El desarrollo de las técnicas de impresión y la amplitud de la industrialización alumbraron periódicos comerciales en cuyo interior germinaron, con mayor o menor fortuna, según los países y las ciudades, los códigos profesionales que han llegado a nuestros días. Un cierto amor por el distanciamiento político y la pluralidad de puntos de vista, es decir, la adoración nocturna –hora de cierre de los periódicos– de la diosa Objetividad. La sacrosanta división entre información y opinión. Una cierta dignificación salarial, base indispensable para una mínima respetabilidad social. La sindicación y el gremialismo, que décadas más tarde darían pie a las facultades de Ciencias de la Información, hoy presentes en todas las comunidades autónomas españolas. En definitiva, un oficio. Un oficio, unas plumas y unas firmas de interés. De no haber sucumbido España a la gran desgracia de la Guerra Civil, ello habría dado lugar a una sólida tradición profesional, con sus altos y sus bajos, con sus glorias y sus vilezas, que hoy resistiría mejor el embate de la Gran Crisis. Este trabajo de Salvador Enguix, buen amigo y excelente compañero en las tareas de redacción de La Vanguardia, una de las cunas de ese periodismo clásico que tanto hemos amado, enfoca la relación entre periodismo y política bajo la luz –a veces cegadora– de la transformación digital.

Todo nuestro mundo se está viniendo abajo en «la fase de aceleración constante del tiempo histórico». Si me permiten voy a contarles una anécdota personal. Mi abuelo poseía en Badalona, a diez kilómetros de Barcelona, un pequeño negocio de forrajes, en una casona muy cercana al mar, junto a las vías del tren. Para que se sitúen: la primera línea de tren de la península, la línea Barcelona-Mataró, flanqueada de fábricas, un paisaje descarnado y fordista; sucio y contaminado. Puesto que los sábados por la tarde no había colegio, yo acompañaba a mi abuelo en las tareas de reparto, a bordo de un camión Ford muy viejo, uno de aquellos camiones que se ponían en marcha con manivela. Segunda mitad de los años sesenta. Fábricas humeantes y un pequeño camión repartiendo balas de paja y alfalfa para las vacas y los caballos que aún quedaban en una ciudad periférica en atolondrado proceso de automatización. Mi abuelo fue uno de los últimos europeos en vender forraje para los caballos en una gran ciudad. Entonces no me di cuenta. Lo he visto de mayor. Aquellos sábados por la tarde estábamos asistiendo al final de una actividad milenaria y fundamental en la historia de la humanidad. La aceleración constante del tiempo histórico creo que comenzó antes del papa Benedicto.

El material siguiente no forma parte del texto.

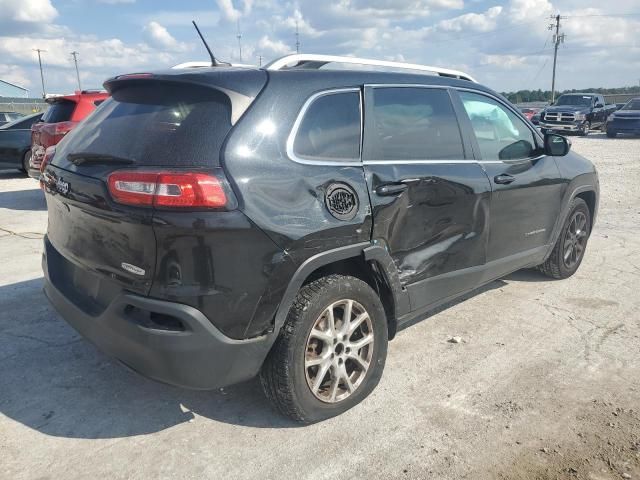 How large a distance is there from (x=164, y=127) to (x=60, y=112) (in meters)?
7.12

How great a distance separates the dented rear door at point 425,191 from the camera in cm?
323

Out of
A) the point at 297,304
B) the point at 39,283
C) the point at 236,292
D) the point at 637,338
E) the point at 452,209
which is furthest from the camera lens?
the point at 39,283

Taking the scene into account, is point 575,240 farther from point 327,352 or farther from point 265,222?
point 265,222

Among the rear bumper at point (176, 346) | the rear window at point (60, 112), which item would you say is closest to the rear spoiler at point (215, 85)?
the rear bumper at point (176, 346)

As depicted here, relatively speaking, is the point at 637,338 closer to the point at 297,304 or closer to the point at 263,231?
the point at 297,304

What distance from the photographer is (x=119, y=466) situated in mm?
2646

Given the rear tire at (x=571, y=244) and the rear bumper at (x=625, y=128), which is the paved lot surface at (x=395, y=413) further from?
the rear bumper at (x=625, y=128)

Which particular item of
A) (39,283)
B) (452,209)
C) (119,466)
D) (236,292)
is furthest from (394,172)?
(39,283)

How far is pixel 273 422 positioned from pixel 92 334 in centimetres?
106

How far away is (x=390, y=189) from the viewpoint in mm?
3199

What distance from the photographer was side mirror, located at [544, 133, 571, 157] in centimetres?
472

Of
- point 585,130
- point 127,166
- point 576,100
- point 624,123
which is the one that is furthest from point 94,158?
point 576,100

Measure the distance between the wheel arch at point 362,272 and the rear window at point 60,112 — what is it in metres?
7.10

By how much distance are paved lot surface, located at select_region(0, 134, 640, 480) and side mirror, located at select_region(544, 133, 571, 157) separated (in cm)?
134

Siempre que me piden una reflexión sobre el futuro de mi oficio, no puedo dejar de pensar en mi abuelo, en las balas de paja y alfalfa amontonadas en el viejo almacén, sobre las que jugaba solo, imaginando grandes combates; no puedo olvidar el viejo camión Ford a manivela y los tebeos del Capitán Trueno que leía el sábado por la tarde mientras iniciábamos el reparto en aquella zona sin nombre de la playa de Badalona, contaminada por mil fábricas con horas extraordinarias. ¿A qué me dedico? Vendo paja y alfalfa para los caballos, mientras todo el mundo va en coche. Como mi abuelo.

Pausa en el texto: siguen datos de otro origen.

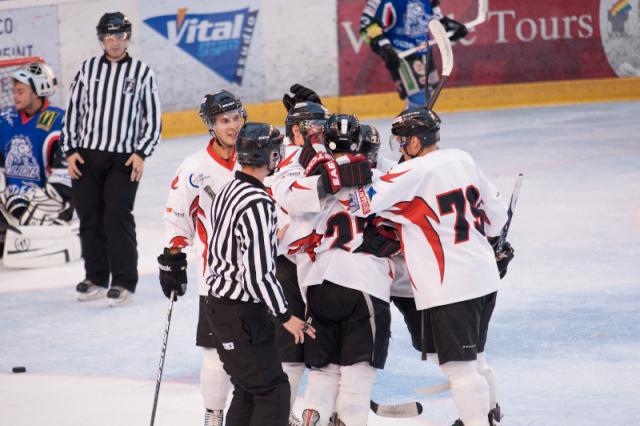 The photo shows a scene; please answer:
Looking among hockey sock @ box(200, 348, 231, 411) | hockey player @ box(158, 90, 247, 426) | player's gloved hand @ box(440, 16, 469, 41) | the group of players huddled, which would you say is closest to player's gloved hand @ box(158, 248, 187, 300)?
hockey player @ box(158, 90, 247, 426)

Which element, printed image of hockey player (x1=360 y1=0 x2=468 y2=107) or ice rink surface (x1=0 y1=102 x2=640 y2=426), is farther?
printed image of hockey player (x1=360 y1=0 x2=468 y2=107)

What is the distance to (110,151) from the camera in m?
6.57

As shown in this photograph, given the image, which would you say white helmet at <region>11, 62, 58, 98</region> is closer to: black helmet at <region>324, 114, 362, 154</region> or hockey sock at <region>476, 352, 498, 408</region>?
black helmet at <region>324, 114, 362, 154</region>

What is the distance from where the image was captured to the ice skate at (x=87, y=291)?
671 centimetres

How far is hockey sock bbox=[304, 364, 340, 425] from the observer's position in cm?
398

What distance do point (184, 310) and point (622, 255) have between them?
2584mm

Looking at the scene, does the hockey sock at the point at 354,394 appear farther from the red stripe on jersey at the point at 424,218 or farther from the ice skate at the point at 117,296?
the ice skate at the point at 117,296

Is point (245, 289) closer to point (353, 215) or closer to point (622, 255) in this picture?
point (353, 215)

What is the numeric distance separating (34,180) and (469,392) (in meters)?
4.58

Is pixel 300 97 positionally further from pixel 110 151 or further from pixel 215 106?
pixel 110 151

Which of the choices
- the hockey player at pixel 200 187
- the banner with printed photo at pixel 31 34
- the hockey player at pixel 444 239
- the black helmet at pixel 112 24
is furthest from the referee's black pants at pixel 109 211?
the banner with printed photo at pixel 31 34

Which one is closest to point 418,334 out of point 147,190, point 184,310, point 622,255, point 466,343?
point 466,343

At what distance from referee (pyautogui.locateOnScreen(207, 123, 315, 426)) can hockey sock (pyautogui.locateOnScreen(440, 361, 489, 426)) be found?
57cm

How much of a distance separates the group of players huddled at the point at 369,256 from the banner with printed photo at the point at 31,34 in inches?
290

No lloren por el periodismo. El vendaval se lo va a llevar todo, o casi todo, por delante, pero el periodismo como arqueología cultural permanecerá. En realidad ya está pasando. Nuevas tecnologías, nuevos formatos, nuevas empresas, prueba y error, prueba y error, cabeceras que nacen y mueren y una nueva generación dispuesta a trabajarse un lugar en el mundo. Nuevas relaciones con el poder, también. Puesto que el poder, como la materia, ni se crea ni se destruye, tan solo se transforma, periodismo y política seguirán su danza eterna. Con otros compases y con otros bailes, que ya se están ensayando.

Ahora viene el tiempo de la negación de todo lo hecho durante los últimos cuarenta años; posiblemente sea ese un tiempo necesario. Solo recomendaría a los nuevos teóricos del periodismo digital que, de tanto en tanto, relean Bel Ami y tengan presente que un día acabarán a bordo de un viejo Ford repartiendo vieja mercancía en un arrabal en transformación. Suerte.